Doctor - Assistant: Dr. Apr. K.M. CLAUWAERT


One of the main research interests of Dr. K. Clauwaert goes to the start up of a metabolomics research unit. This research unit fits in with a bigger entity, which integrates proteomics, metabolomics and genomics research in the pharmaceutical/medical field.Metabolomics is an area of functional genomics, which studies changes in the expression of small organic molecules in biological systems. It complements genomics as it provides objective measurements of phenotype, it considers all metabolites of certain biological fraction in an unbiased way.
Metabolomic analysis aims at quantifying and identifying all metabolites at the organ, tissue, cellular or even subcellular level. For most purposes, it is not necessary to quantify absolute amounts but rather the relative ratios of metabolite levels between comparative experiments, such as disease/healthy state, successful/unsuccessful therapy, stressed/unstressed situation,…
Such an analysis involves several steps:

  • Adequate experimental designs allowing subsequent statistical evaluations.
    Exhaustive and reproducible extraction of metabolites without physical or chemical degradation
  • Analytical clean-ups and separations allowing high sample throughput. The analytical measurement will use mass spectrometry, mainly LC/MS(/MS).
  • Data normalization, comparison of normalized data, and relating significant differences in qualitative and relative quantitative information (e.g. normalized to an internal reference compound) to physiological status for elucidation of the causal biochemistry via compound identification.

Quantitative mass spectrometry.

Mass spectrometry has become the method of choice for quantitative bioanalytical work.
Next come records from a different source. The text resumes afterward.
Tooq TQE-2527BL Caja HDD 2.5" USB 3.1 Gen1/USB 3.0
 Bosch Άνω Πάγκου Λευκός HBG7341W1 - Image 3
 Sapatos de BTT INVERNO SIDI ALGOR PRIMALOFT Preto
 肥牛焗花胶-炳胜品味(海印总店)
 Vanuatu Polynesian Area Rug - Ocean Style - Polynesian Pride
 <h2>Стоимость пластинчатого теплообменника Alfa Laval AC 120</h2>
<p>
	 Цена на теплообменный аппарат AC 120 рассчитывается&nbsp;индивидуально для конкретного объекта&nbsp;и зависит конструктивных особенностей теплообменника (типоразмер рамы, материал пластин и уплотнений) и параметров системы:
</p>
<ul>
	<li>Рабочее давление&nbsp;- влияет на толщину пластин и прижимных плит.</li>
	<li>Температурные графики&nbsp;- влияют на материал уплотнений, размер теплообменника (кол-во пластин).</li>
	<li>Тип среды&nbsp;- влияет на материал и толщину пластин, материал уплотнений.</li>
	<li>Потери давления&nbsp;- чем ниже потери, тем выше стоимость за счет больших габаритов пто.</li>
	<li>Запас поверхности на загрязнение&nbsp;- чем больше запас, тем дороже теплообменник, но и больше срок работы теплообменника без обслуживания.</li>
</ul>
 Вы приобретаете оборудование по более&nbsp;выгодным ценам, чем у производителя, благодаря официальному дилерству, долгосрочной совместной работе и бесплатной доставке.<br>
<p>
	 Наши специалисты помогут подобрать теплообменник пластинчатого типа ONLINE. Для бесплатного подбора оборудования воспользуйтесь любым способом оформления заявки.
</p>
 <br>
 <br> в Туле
With the advent of the atmospheric pressure ionization techniques, the application area has even broadened. Quantitative LC-MS of target compounds in biological matrices with full validation of the method is an science on its own. Issues of standardization, fast and efficient sample cleanup and quantitative control over the MS ionization process need meticulous investigation. Such research is conducted for small molecules and will be extrended toward larger biopolymers such as peptides and proteins.